The New York Times had coverage of a JAMA article about hospital provider payments under Medicare for All. The headline is that Medicare for All would cost hospitals billions of dollars. But this headline and the story under it are misleading insofar as they do not discuss the offsetting savings that hospitals would achieve from a lower administrative burden.

The JAMA article, written by Schulman and Milstein, starts by pointing out that Medicare reimbursement rates were initially set at hospital costs in 2000. Since then hospitals have intentionally escalated their costs through high levels of capital expenditures that they could dump on the privately-insured.

As a result of this development, Medicare provider payment rates are now about 13 percent lower than hospital costs. Shifting all payments to the Medicare provider rates would cut hospital revenue by about 16 percent, according to the authors.

To understand whether this cut would be problematic, it is necessary to look at how much hospitals will be able to save from the streamlined administration of a Medicare for All system. According to a study published in 2014, which was covered subsequently in the New York Times, around 25 percent of hospital revenue is spent on hospital administration.

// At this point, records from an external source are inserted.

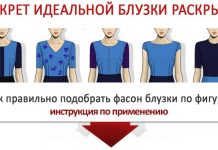 Как выбрать идеальную блузку большого размера для вашей фигуры: советы и рекомендации
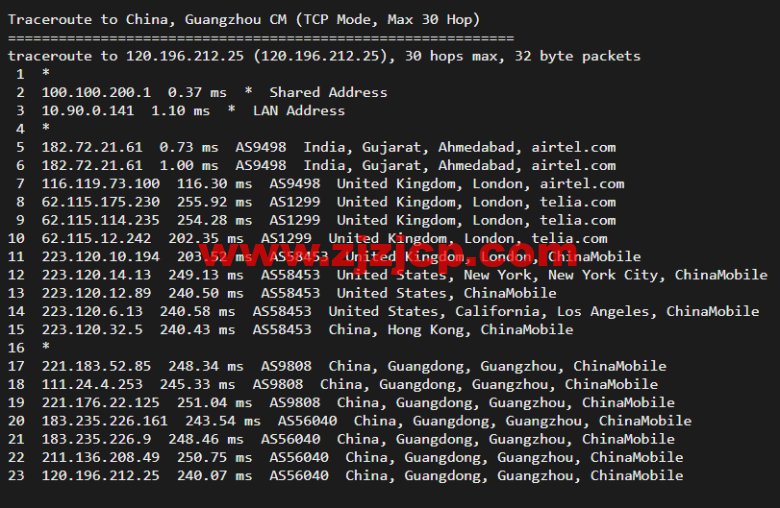 Vultr:印度孟买机房云服务器测评 2022:下载速度、速度延迟、路由丢包、性能测评、流媒体解锁等 Vultr:印度孟买机房云服务器测评 2022:下载速度、速度延迟、路由丢包、性能测评、流媒体解锁等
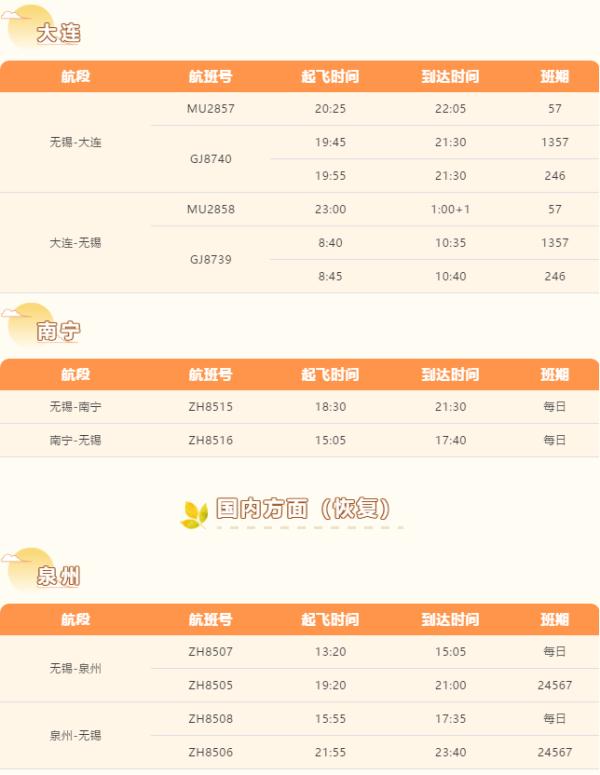 明起执行！苏州人坐飞机更省钱啦！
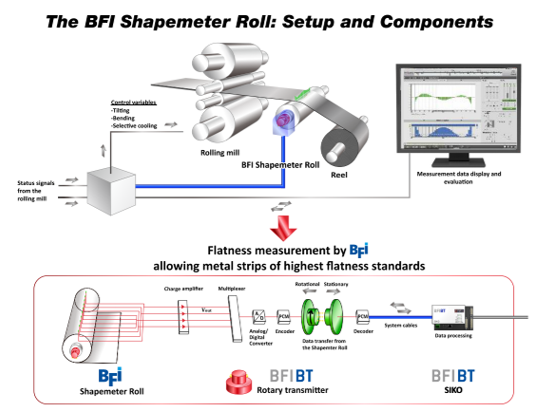 Ein schematisches Schaubild zur Planheitserfassung mit der BFI-Planheitsmessrolle, der Messwertübertragung über die BFI-BT-Anschlusstechnik und der anschließenden Verarbeitung.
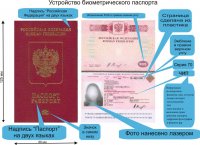 В Иркутской области начали выдавать биометрические заграничные паспорта в многофункциональных центрах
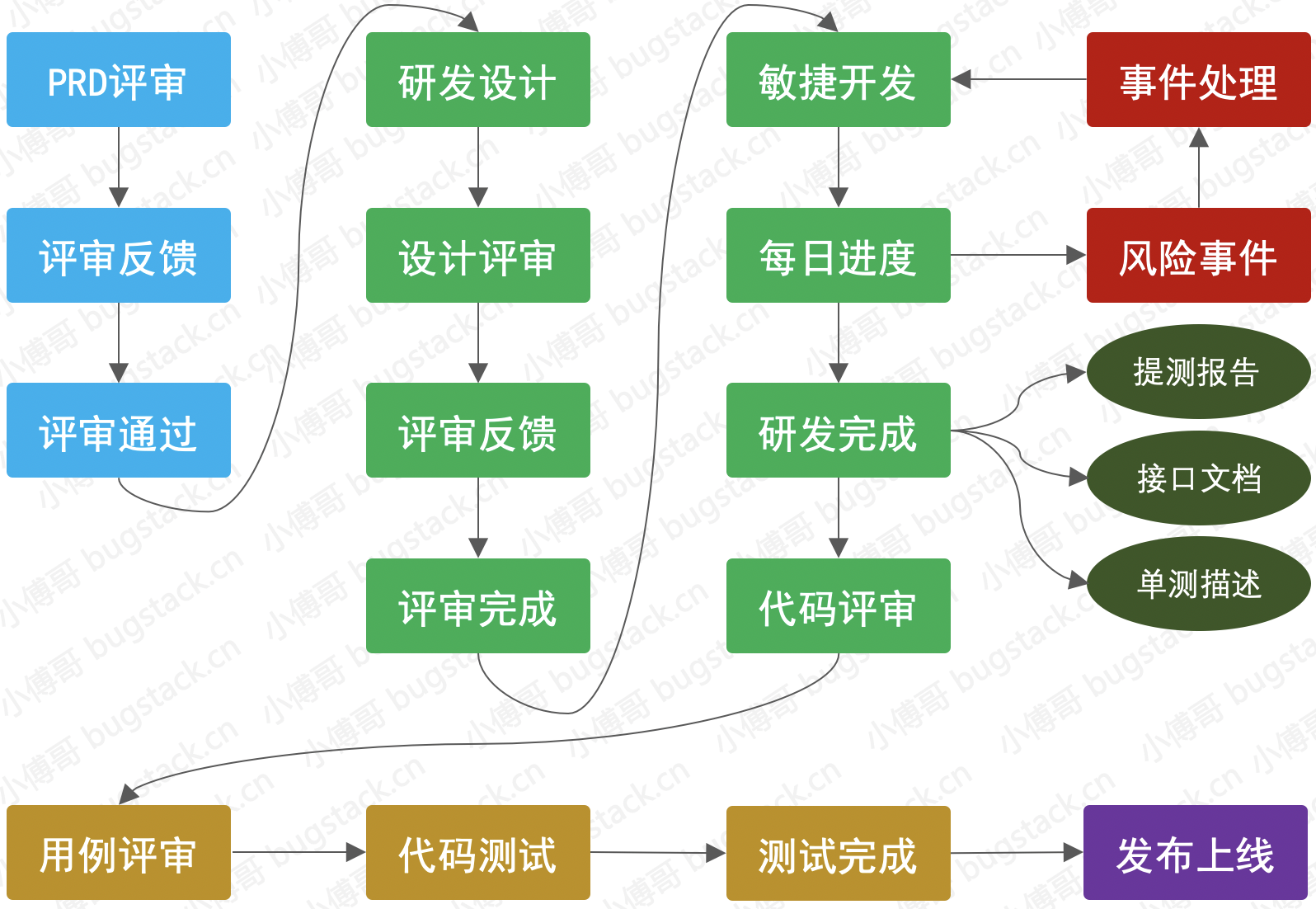 图 18-4 研发、测试、上线阶段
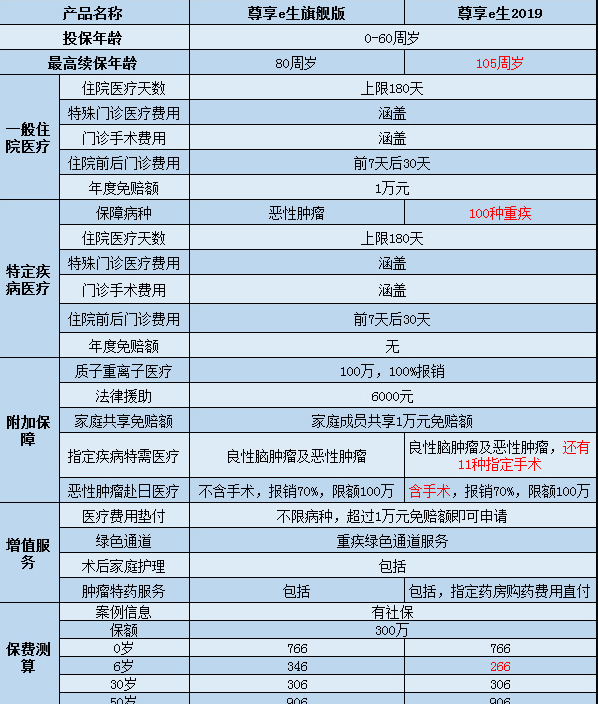  尊享e生2019怎么樣？值不值得購買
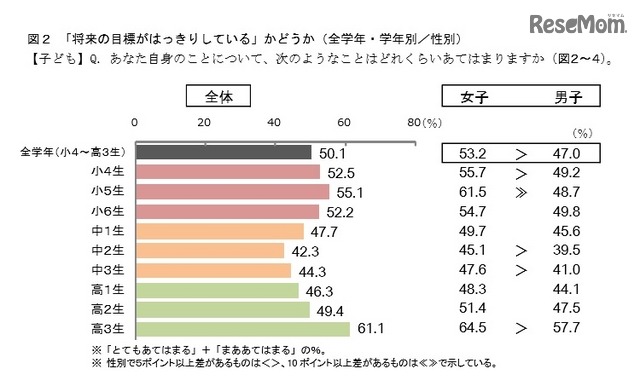 「将来の目標がはっきりしている」かどうか（全学年・学年別／性別）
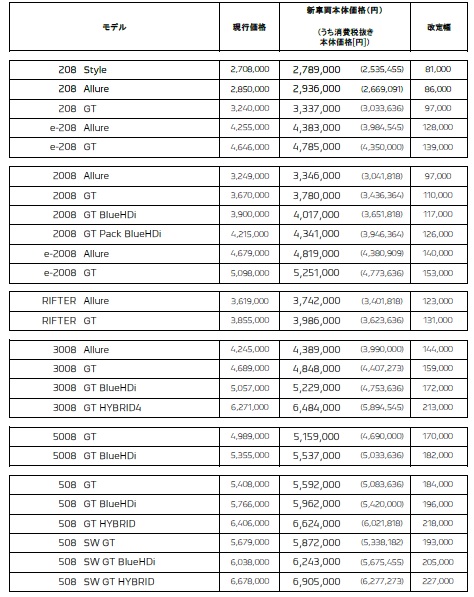＜悲報＞　7月より、価格改定。
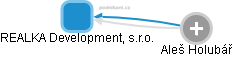 REALKA Development, s.r.o. - náhled vizuálního zobrazení vztahů obchodního rejstříku
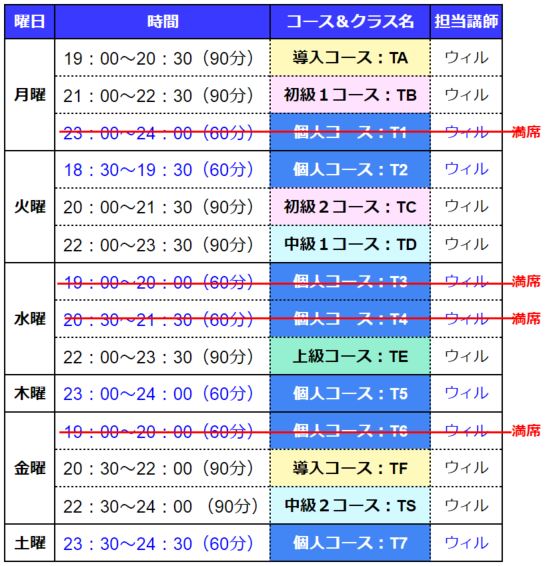 仏語トライアルコース5回wilさん-2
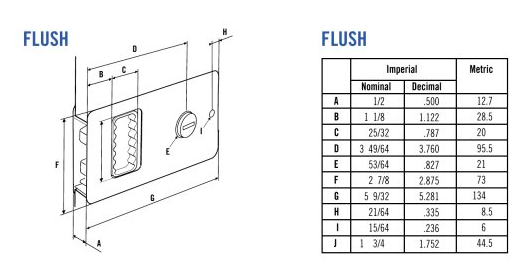 southco-mobella-flush-mf-01-110-60-sliding-door-latch-lock-aluminum-no-screws-rubby-pueyo-20261020-154217-532498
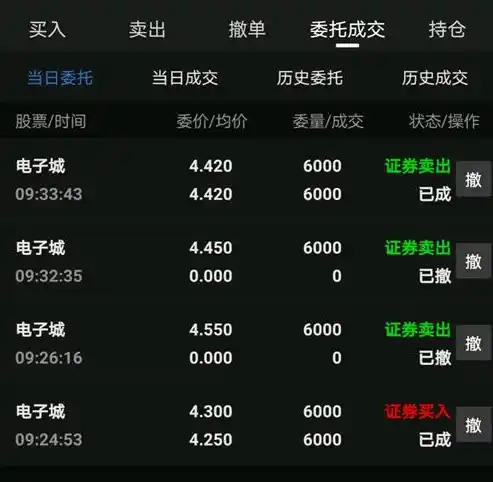 0.1折游戏平台，探秘0.1折游戏平台，揭秘低成本畅游秘籍，开启你的游戏狂欢之旅！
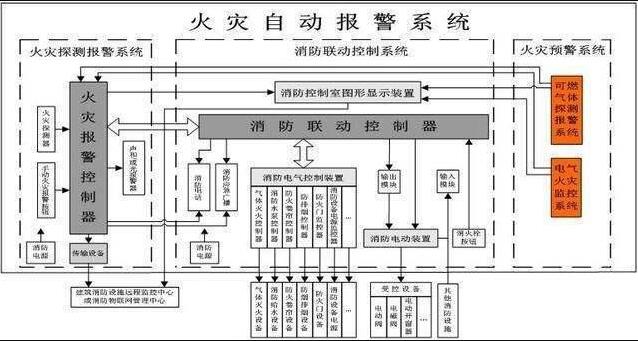 解讀火災自動報警系統相關知識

By comparison, hospitals operating in the Canadian single-payer system spend only 12 percent of their revenue on administration.

What this means is that the administrative efficiencies available under a Medicare for All system allow hospitals to offset 13 points of the 16-point revenue cut without digging into the actual cost of care. The remaining 3 points could come out of hospital profit margin (bringing the margin from 7 percent to 4 percent) or, as Dean Baker notes, from lowering the prices of hospital inputs, including the extremely high prices they currently pay for drugs and medical equipment.

The authors of the JAMA article point out that “most hospitals would have access to the financial reserves that they have built up over the last decades” to cushion themselves as they transitioned to the more efficient care model envisioned by Medicare for All. But if policymakers are worried that hospitals might close rather than transition, they could neutralize this problem by authorizing the federal government to keep closing hospitals open by buying them and operating them publicly.